■ Data records
—————

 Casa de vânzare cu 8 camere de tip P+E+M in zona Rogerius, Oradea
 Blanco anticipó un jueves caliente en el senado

—————

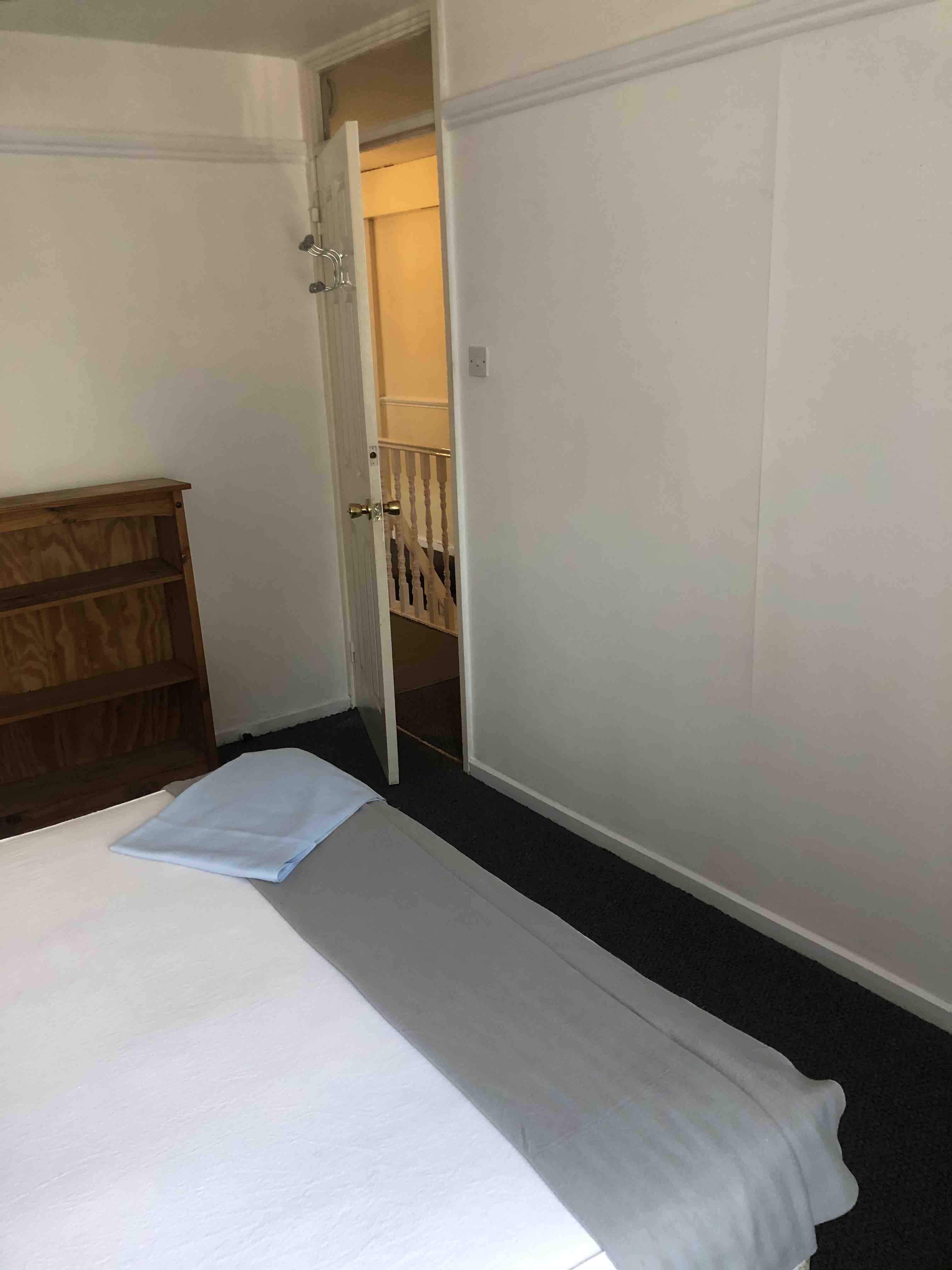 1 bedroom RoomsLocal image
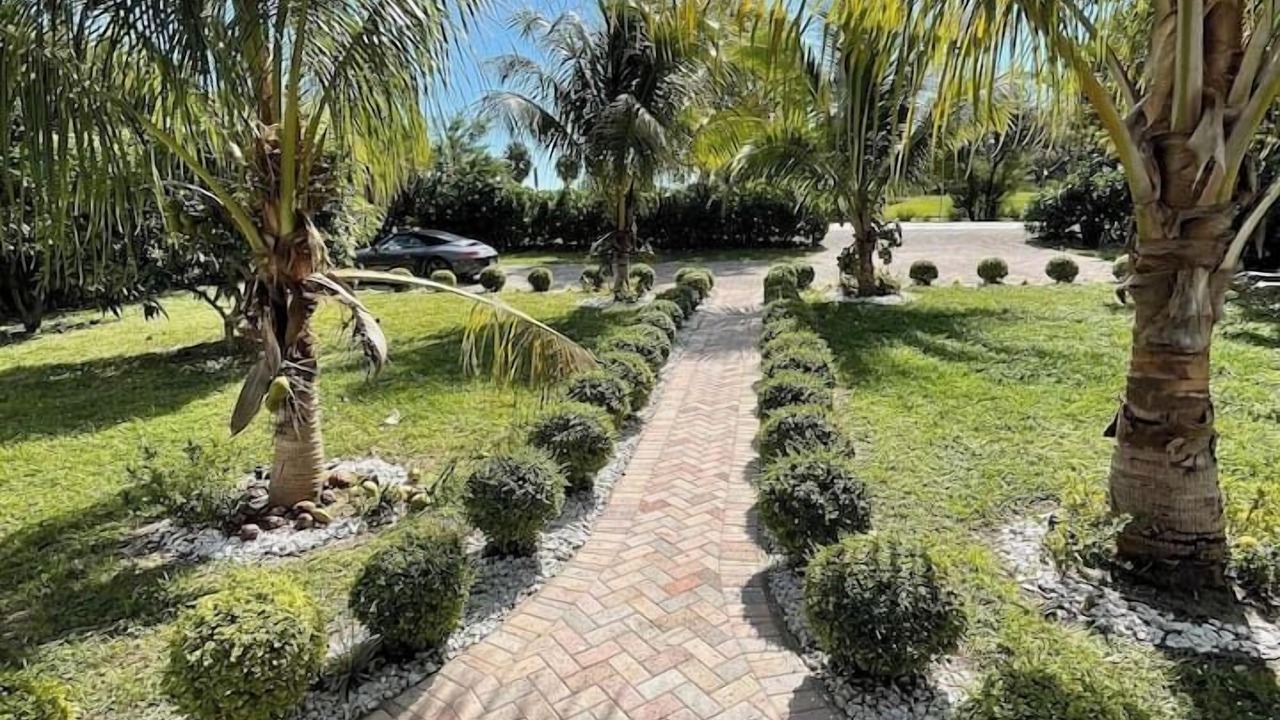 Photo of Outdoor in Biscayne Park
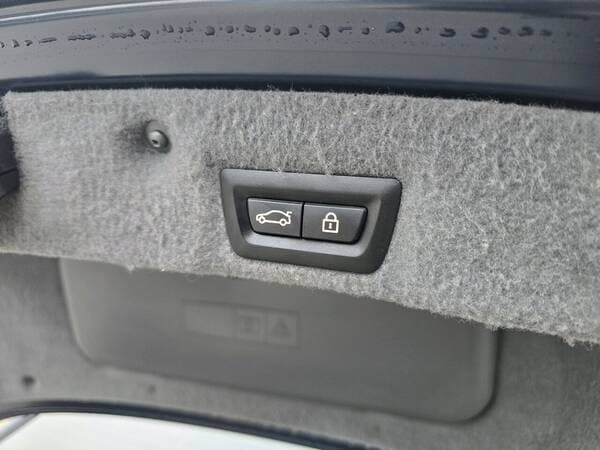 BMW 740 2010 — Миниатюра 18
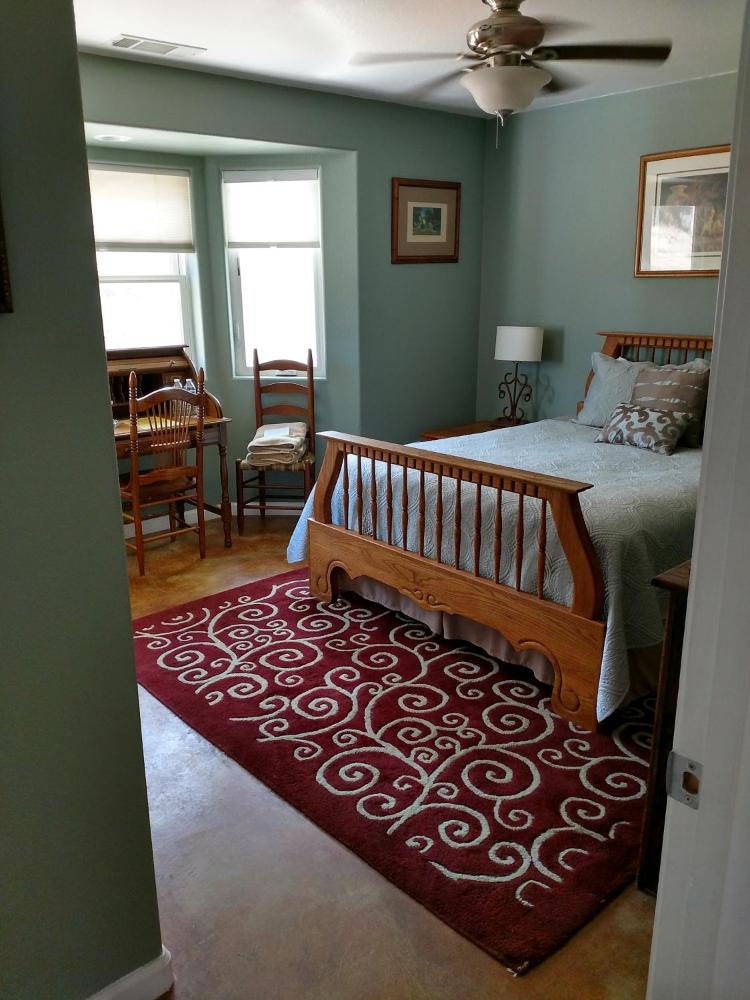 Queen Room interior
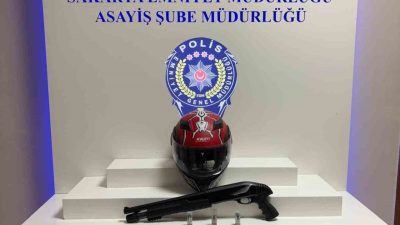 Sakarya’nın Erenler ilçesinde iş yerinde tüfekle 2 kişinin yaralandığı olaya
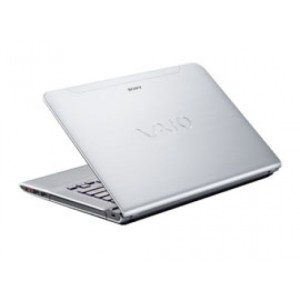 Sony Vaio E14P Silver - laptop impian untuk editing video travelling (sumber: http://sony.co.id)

—————

■ Prompt
Only one stretch of the records above is wanted: the lines between the one holding "Casa de vânzare" and the one holding "Blanco anticipó un", inclusive, reproduced exactly.

■ Exercise response
 Casa de vânzare cu 8 camere de tip P+E+M in zona Rogerius, Oradea
 Blanco anticipó un jueves caliente en el senado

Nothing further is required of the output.